Insurers Work to Broaden Banks' Insurance Mix

Security First Life Insurance Co. is the latest underwriter to begin rolling out term and long-term-care policies to banks.

Aegon USA Inc. also is working quietly with financial institutions to sell such policies.

Los Angeles-based Security First, which sells its wares through a marketing unit known as Security First Group, wants to do more than just hawk products, said Michael McCoy, senior vice president overseeing the unit's bank division.

"Our goal is to create a system that can be duplicated from one bank to another," he said.

For example, Security First wants to help banks market term insurance to bank customers. The company is offering to mail promotional letters and brochures to a bank's customers, then follow up with a telephone call by its own agents.

Security First has also signed up with Quickquote, an Incline Village, Utah, company that lets do-it-yourself customers get premium quotes by telephone or the Internet.

And the company also is offering training to bank investment representatives to sell term insurance and long-term-care policies underwritten by competitor First Penn-Pacific Life Insurance Co., a subsidiary of Lincoln National Corp.

Insurance to cover long-term care, such as costly nursing home stays, has become popular among financial planners and banks.

Finally, Security First plans to supply agents to community bank clients nationwide.
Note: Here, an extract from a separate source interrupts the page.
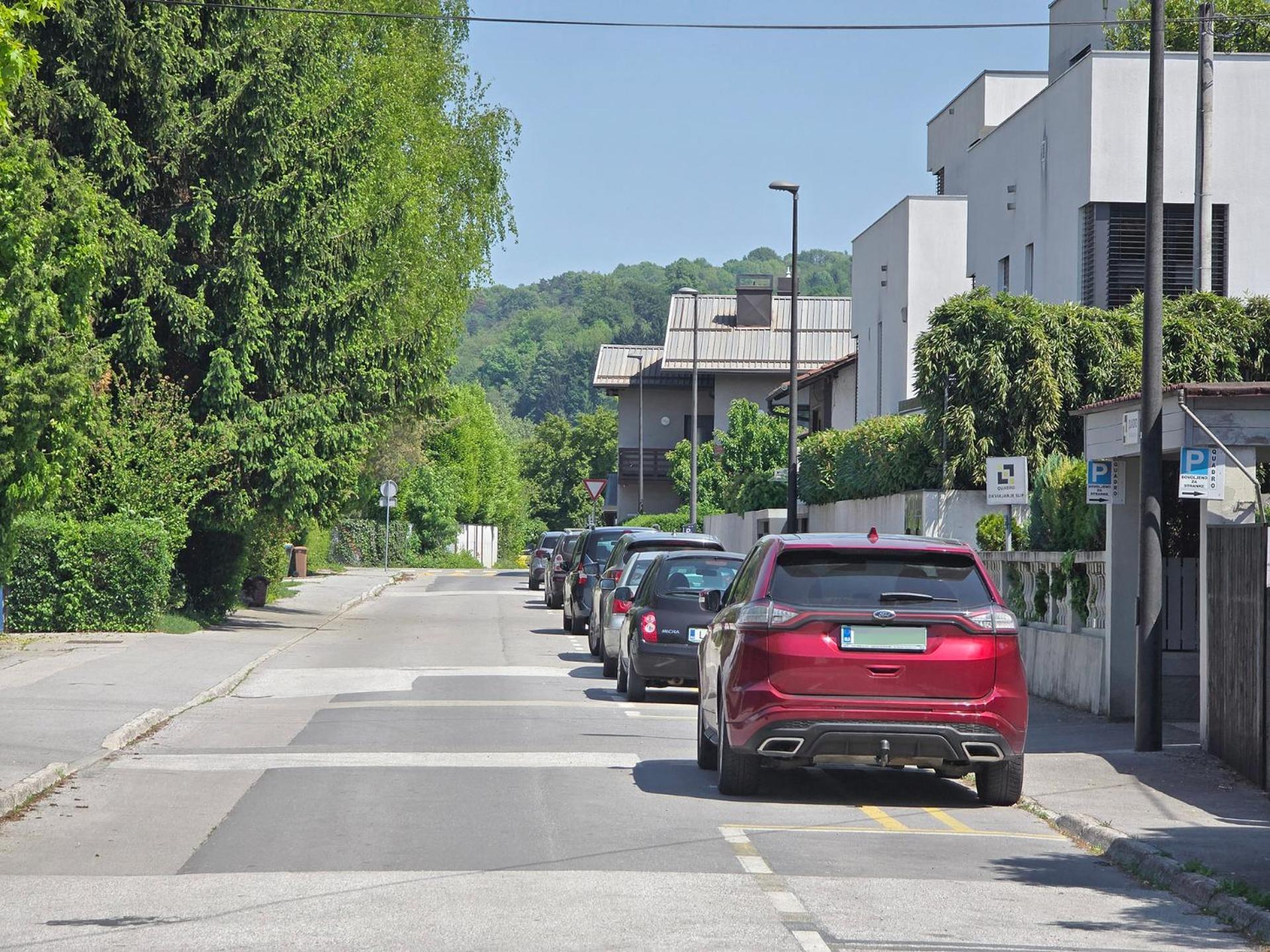 Apartments Trnovo Ljubljana Luaran gambar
Mr. McCoy would not name the banks but said he expects to have installed six agents to work for 12 community banks by mid-1997.

Security First is not alone in its effort to devise a system for banks to sell a variety of insurance products. Aegon USA, a leading seller of fixed annuities through banks, is busy coordinating its 10 operating subsidiaries to market and customize insurance products for banks.
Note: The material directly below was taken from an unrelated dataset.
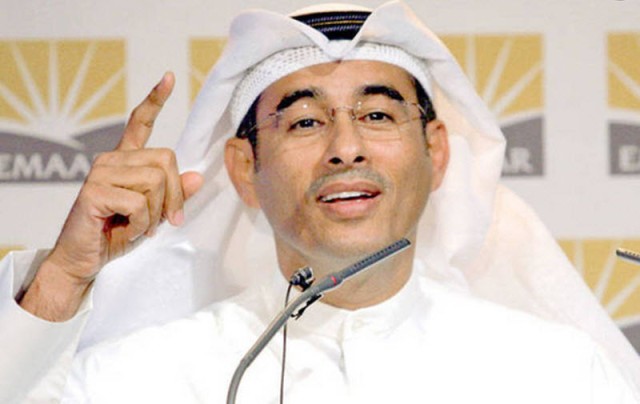 العبار: "إعمار" ستسلم مشروعاتها وفق المواعيد المحددة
A year ago the Baltimore company formed Aegon Financial Institutions Group, a 10-member board representing all the company's units, which meets regularly to devise products for bank clients.
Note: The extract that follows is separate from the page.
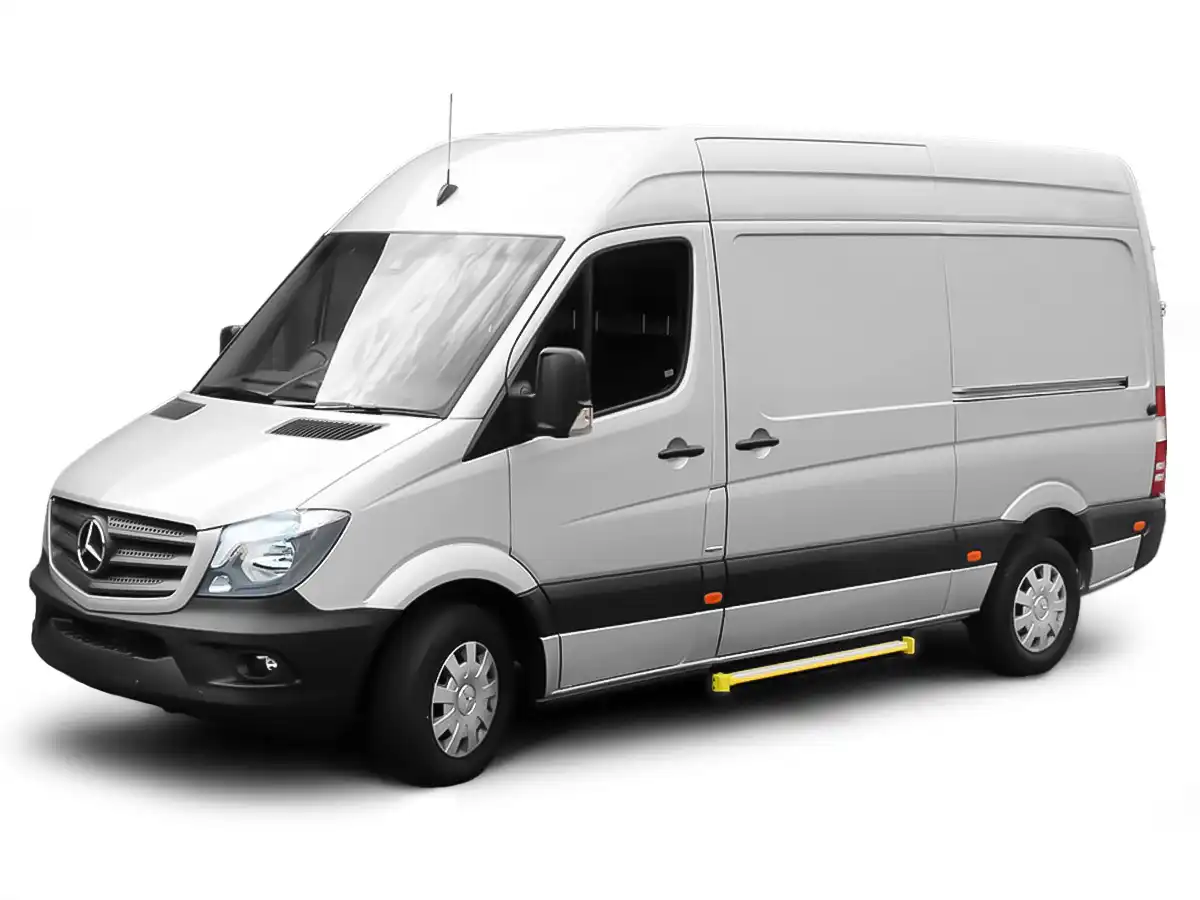 بنز اسپرینتر 315 دیزل مدل 2013-2018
"We found a financial institution might work with three to four different divisions of Aegon and not even know it," said William Busler, president of its financial markets division.

Aegon, known in the bank marketplace as a fixed annuity shop, is also trying to get banks to sell variable universal life, 401(k) products, and mutual funds.

The company got life insurance sales off the ground this year.

"The life insurance area is where we have done the least but have the most opportunity," said Brian Scott, chief operating officer of AUSA Financial Markets Inc., an Aegon unit.

Mr. Scott said he believes bank-platform programs will easily reach the underserved middle market that agents have eschewed for wealthy clients. He declined to give more details about insurance products the company offers or bank programs on Aegon's client list.

"We're kind of shy," he said, "and we're not 100% sure we know the answer" to selling insurance through banks.